Canadians are searching for top stocks to put in their RRSP portfolios.
Let’s take a look at Telus Corporation (TSX:T)(NYSE:TU) and Royal Bank of Canada (TSX:RY)(NYSE:RY) to see if one is more attractive today.
Telus
Telus reported solid Q4 2017 results with a 4.9% increase in consolidated operating revenue compared to the same period in 2016.
Customer growth continued at a steady pace, with 156,000 postpaid wireless, internet, and TV customer additions in the quarter, representing a 23% year-over-year increase.
Telus works hard to keep its customers happy, and the efforts are paying off in low levels of lost customers. The company reported an industry-leading wireless postpaid churn rate of less than 1%.
Looking ahead, Telus sees 2018 revenue and EBITDA growth of up to 6% and 7%, respectively, and is targeting free cash flow of up to $1.4 billion.
The company has a strong history of raising the dividend and expects to boost the payout by at least 7% in 2018. At the time of writing, the stock provides a yield of 4.3%.
Royal Bank
Royal Bank generated fiscal 2017 profit of nearly $11.5 billion.
The company has a balanced revenue stream, with strong operations in personal and commercial banking, capital markets, wealth management, and insurance.

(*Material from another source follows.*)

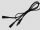 Magnum cable splitter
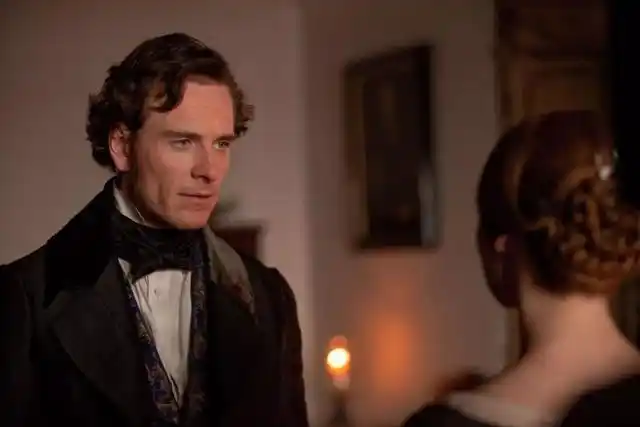 简爱人物分析详解告诉女人的三个人生哲理足以受益终生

In late 2015, Royal Bank made a big move into the United States with its US$5 billion purchase of City National, a California-based commercial and private bank. The deal provided Royal Bank with a solid platform to expand its presence in the segment.

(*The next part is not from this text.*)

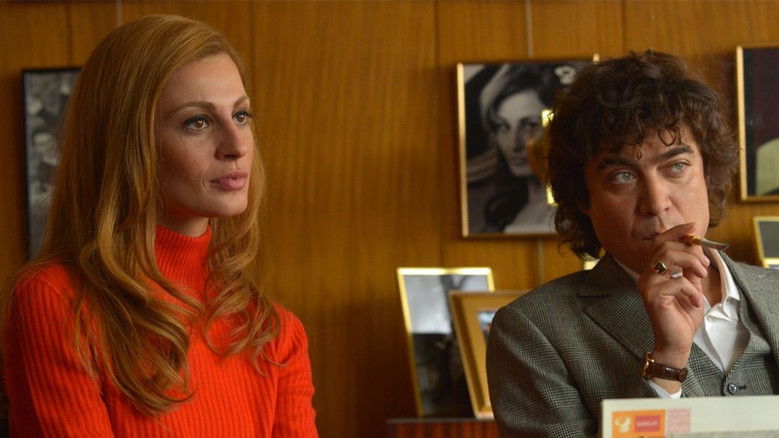 Image d'arrière-plan 10 du film Dalida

Rising interest rates have some investors wondering if trouble could be on the way for the Canadian housing market. It’s true that a steep jump in mortgage costs could trigger a wave of home sales, but most analysts expect a gradual pullback in house prices.
Royal Bank has a large mortgage portfolio, but the loan-to-value ratio on the uninsured loans is low enough that Royal Bank can handle a rough patch in the housing sector.

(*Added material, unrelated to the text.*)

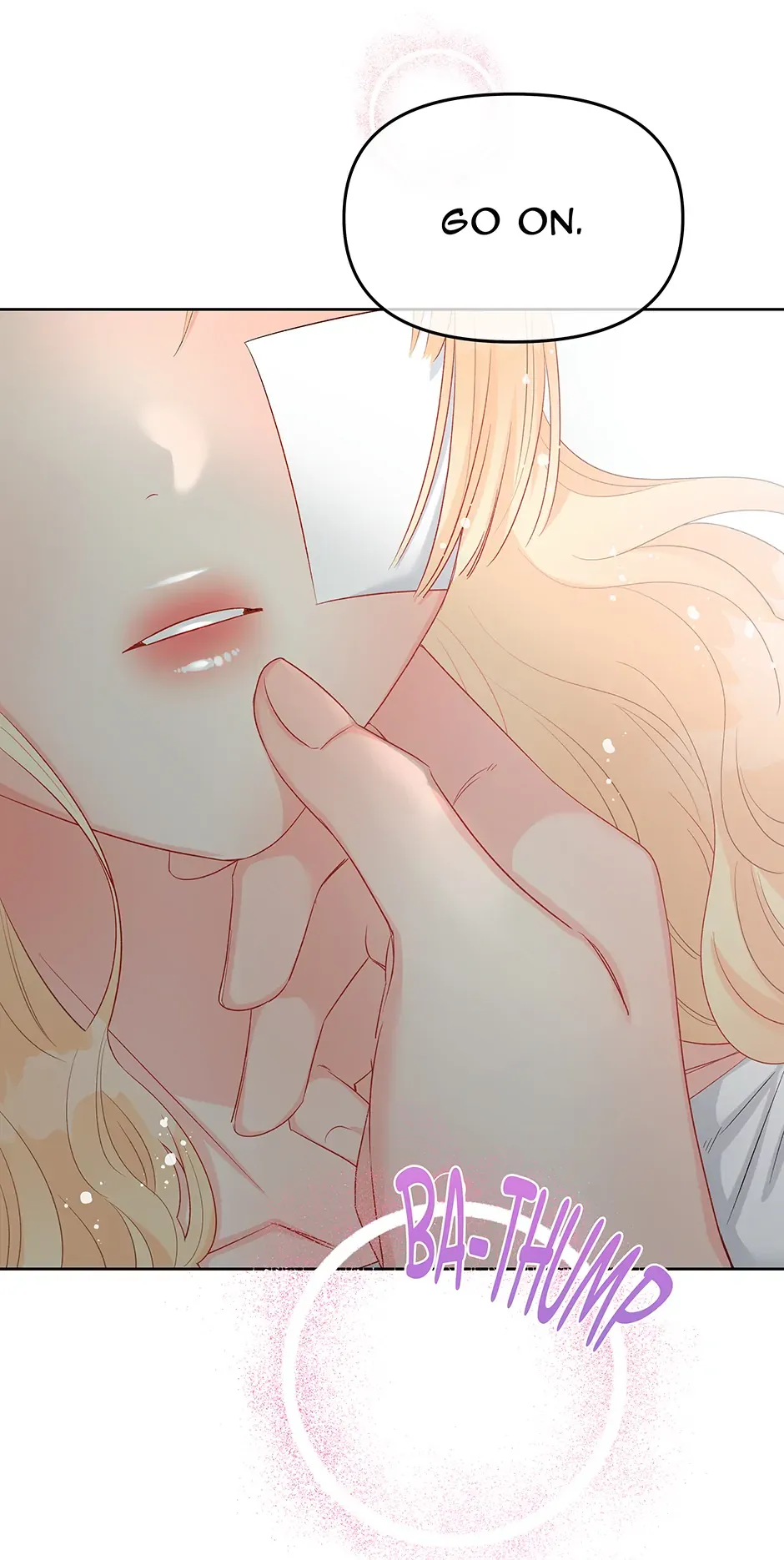 Don’T Concern Yourself With That Book Chapter 69 page 3 -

Overall, rising rates tend to be positive for the banks.
Royal Bank has a strong track record of sharing profits with investors and raises the payout on a regular basis. The current dividend provides a yield of 3.7%.
Is one more attractive for an RRSP?
Both companies are market leaders and should continue to be solid buy-and-hold picks for an RRSP portfolio. At this point, I would probably split a new investment between the two stocks.